TASK BRIEF - Exact copy, no pictures: reproduce the lines from the one that holds "14241 Main St, Houston, TX" through the end of the entries.

Stored records:
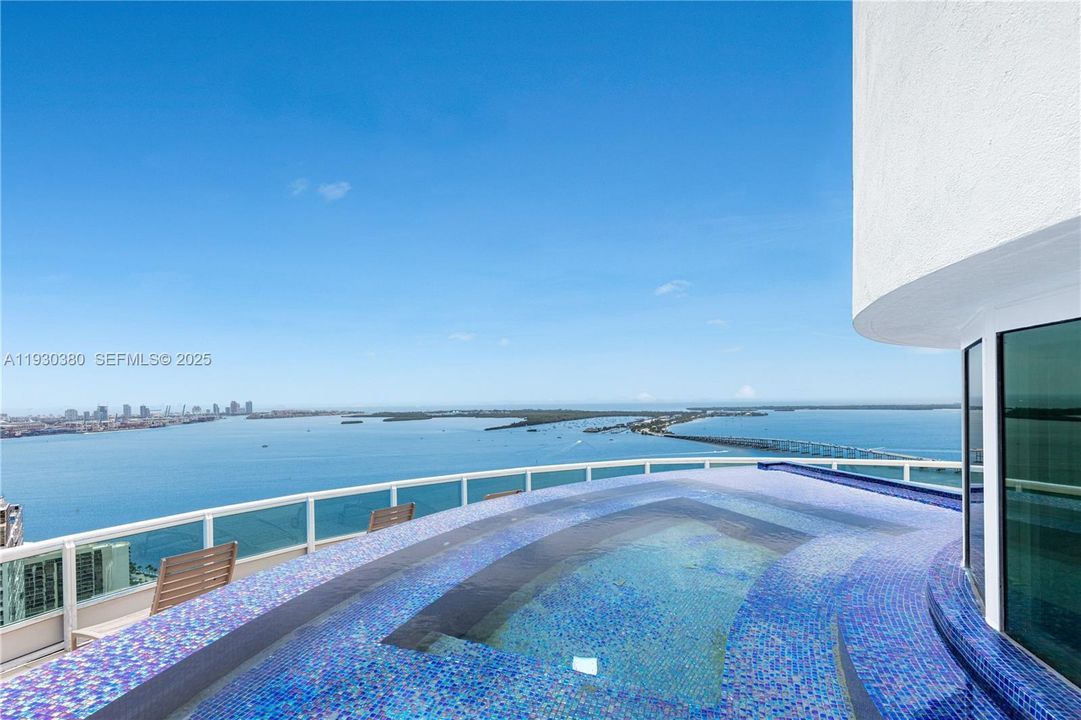 For Sale: $16,000,000 (4 beds, 8 baths, 10000 Square Feet)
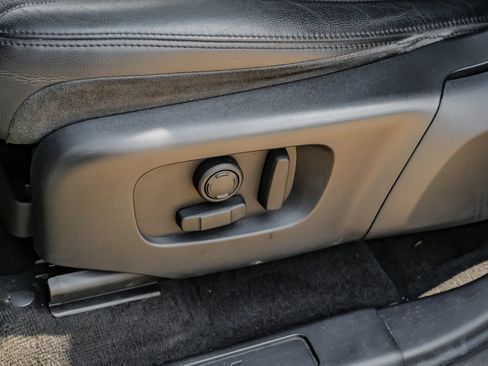 Used 2020 Land Rover Discovery Sport SE image 34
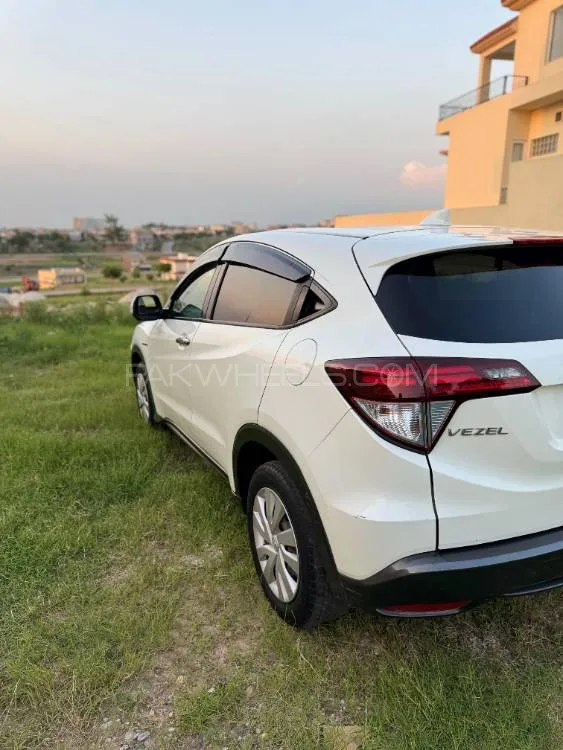 Honda Vezel 2016 for Sale in Islamabad Image-1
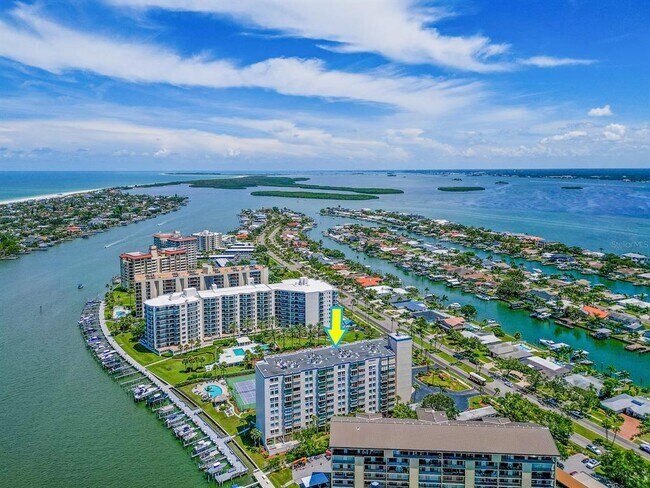 Building Photo - 660 Island Way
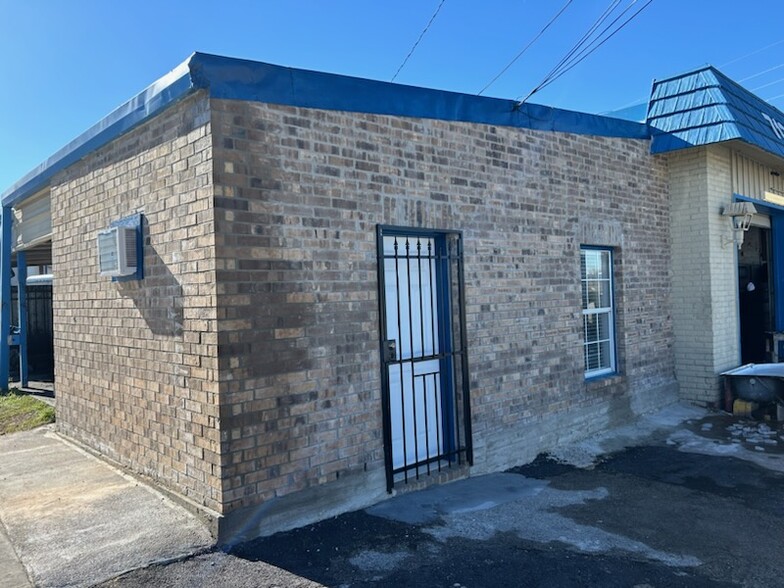 14241 Main St, Houston, TX à louer - Photo de l’immeuble – Image 3 sur 8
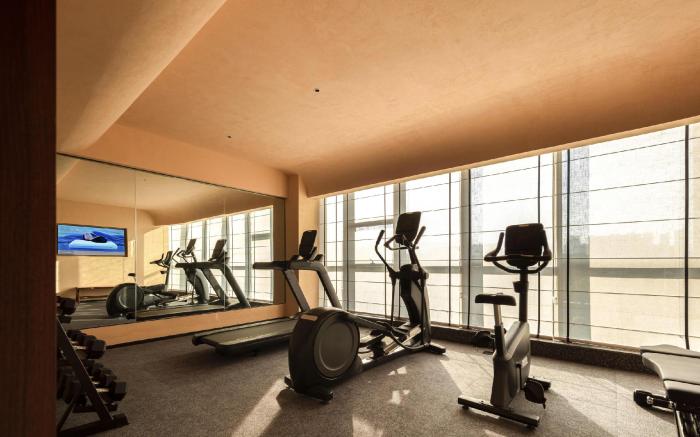 Atour Hotel Wenzhou South Station Intime Department Store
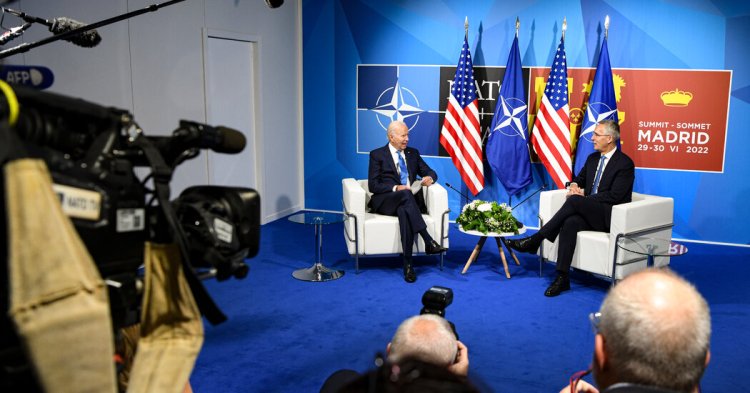 Biden Will Meet NATO Chief Today to Discuss Ukraine and Succession
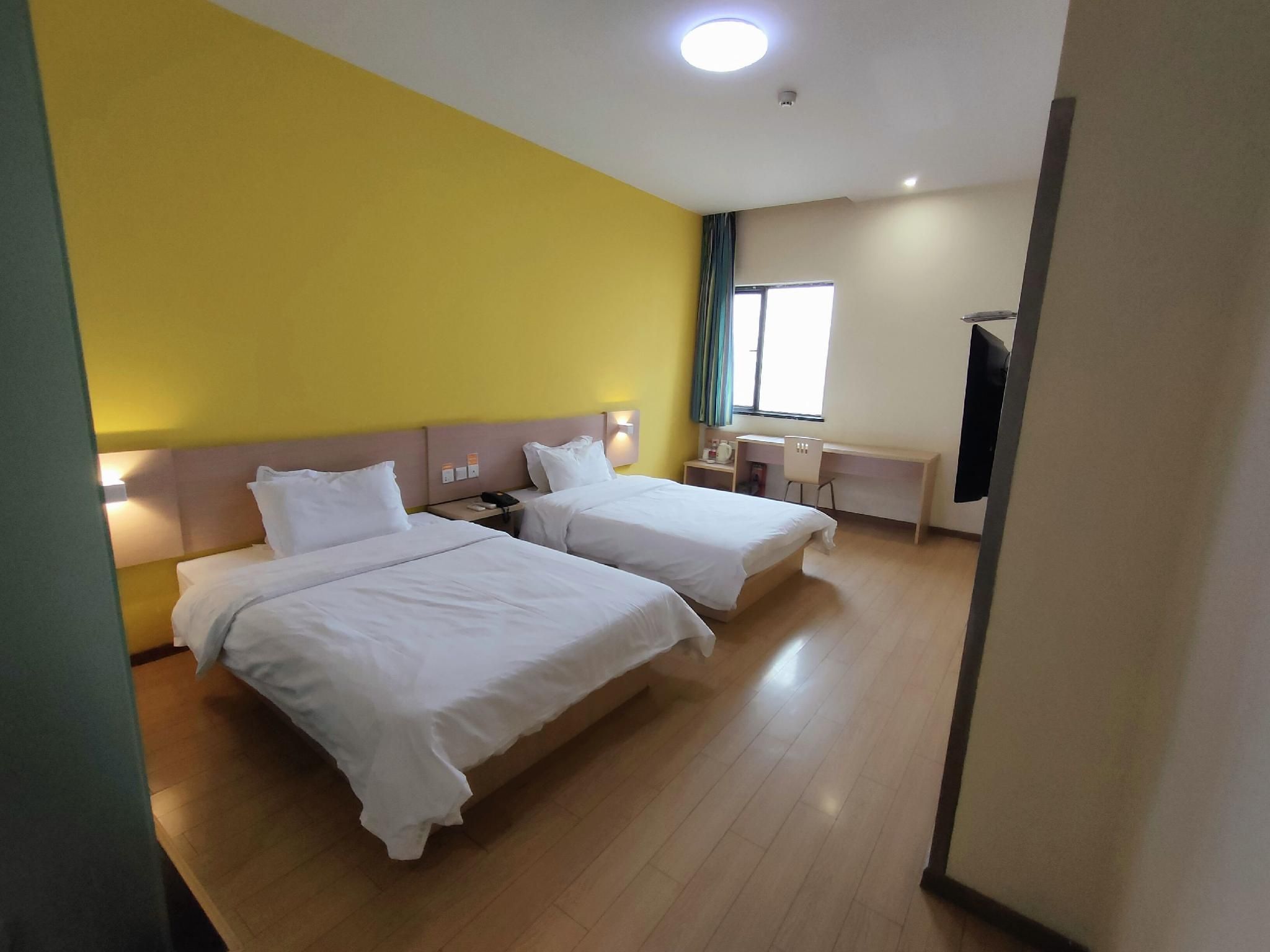 Business Twin Room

ANSWER AREA -
 14241 Main St, Houston, TX à louer - Photo de l’immeuble – Image 3 sur 8
 Atour Hotel Wenzhou South Station Intime Department Store
 Biden Will Meet NATO Chief Today to Discuss Ukraine and Succession
 Business Twin Room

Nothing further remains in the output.